Paocai or kimchi? They share similarities but differ in ingredients, flavors and methods: Chinese FM
Published: Jan 20, 2021 10:15 PM

An elderly woman from China's Korean ethnic minority group tastes some hand-made paocai in Northeast China's Jilin Province on October 26. Top: A demonstration of Sichuan-style paocai dishes on November 16 in Southwest China's Sichuan Province Photos: IC

 Kimchi, also called paocai in China, is a pickled and fermented dish not exclusively owned by certain countries and regions, a spokesperson for the Chinese Foreign Ministry said, calling on friendly and unbiased exchanges on food.

China supports friendly exchanges on academic issues related to "kimchi" but any prejudice should not be brought into the exchanges, Chinese Foreign Ministry Spokesperson Hua Chunying said on Wednesday's press briefing.

The comment came after netizens from China and South Korea have been engaged in debates over where "kimchi" came from. 

In early December, a China-led application campaign to the International Organization for Standardization for paocai, the Chinese version of pickled vegetables, was criticized by some South Korean netizens. Despite the organization specifically noting that "the document does not apply to kimchi," confusion over the name struck the nerves of South Korean netizens, who accused China of "cultural theft" and lodged a protest. 

A more recent spat surrounded a video by Chinese food vlogger Li Ziqi who showcased how to make Chinese paocai.
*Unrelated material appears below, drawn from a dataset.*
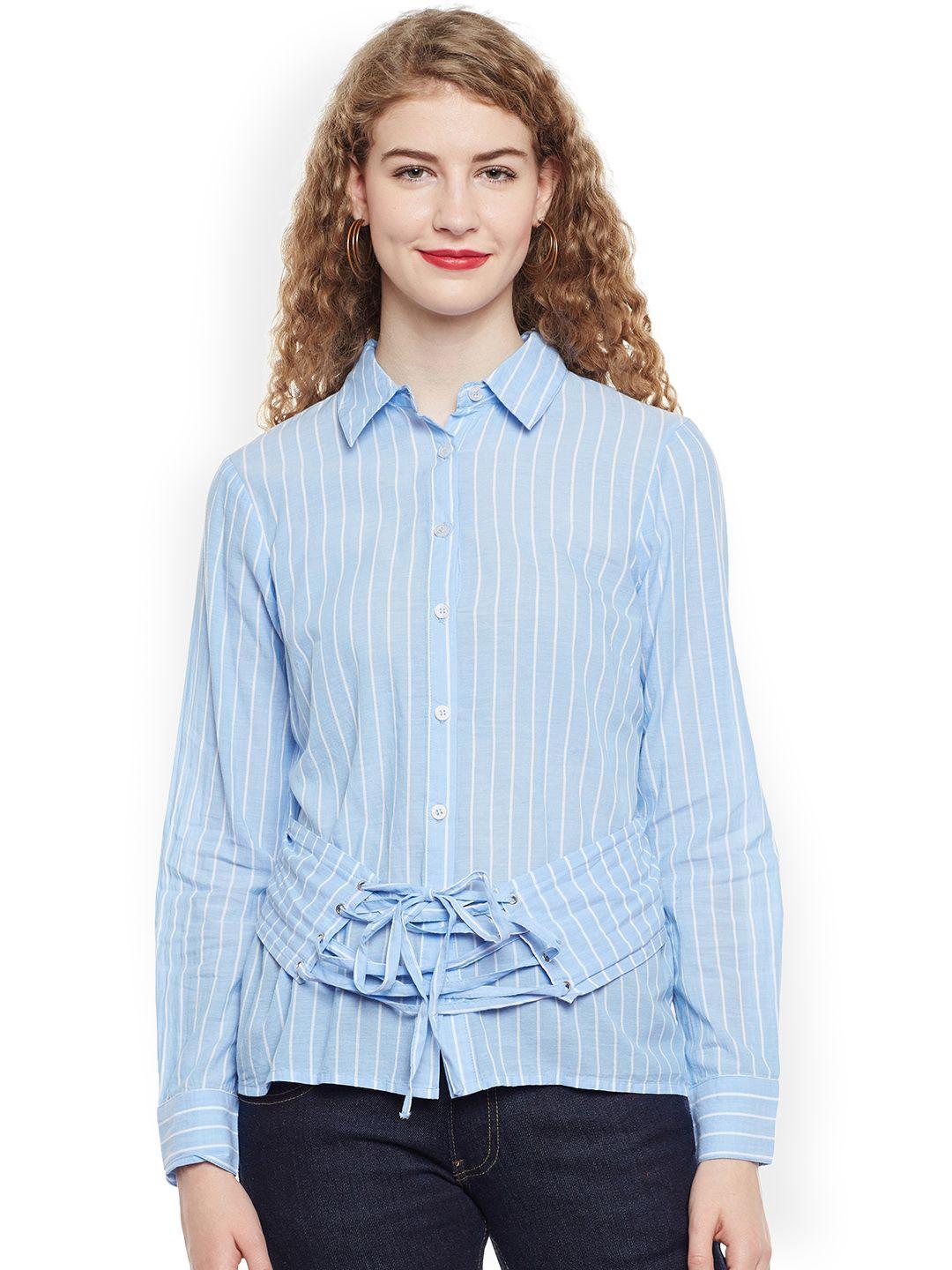 oxolloxo women blue comfort regular fit striped casual shirt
However, some South Korean viewers claimed Li was "stealing" their dish and tradition, while Chinese netizens responded with criticism and mockery.

The debate continued after South Korean mukbang star known as Hamzy was boycotted by Chinese netizens for labeling the paocai made by Li Ziqi as South Korean kimchi in a video on Friday. Hamzy's video was followed by many comments from South Korean users insulting China.

Hamzy's company released a statement late Tuesday saying they have ended their contract with her as the company firmly opposes any insulting behavior to China and will not allow any insulting attitude or remark by its bloggers.

Hamzy on Tuesday released a statement, saying that she hoped the statement could clear up some misunderstandings, however, her statement was poorly accepted by Chinese netizens. "If I have to say kimchi comes from China in order to hold some activities in China, then I would stop my activities. It is also unnecessary for Chinese people to call Chinese food as South Korean food in order to hold activities in South Korea," she said in the statement.

"I'm not an expert on food. In my opinion, kimchi, also called paocai in China, is a pickled fermented dish that does not exclusively exist in certain countries and regions. They share some similarities, but have different ingredients, flavors and preparation methods," Chinese Foreign Ministry spokesperson Hua Chunying said in a press conference when asked about the debate.

"We support friendly exchanges on academic issues related to the food. However, prejudice should not be brought into the exchanges, which may lead to confrontation and affect feelings," she said.

About 90 percent of the kimchi imported by South Korea comes from China, with a small town in East China's Shandong Province leading the country's export, accounting for 80 percent of the total, media reported.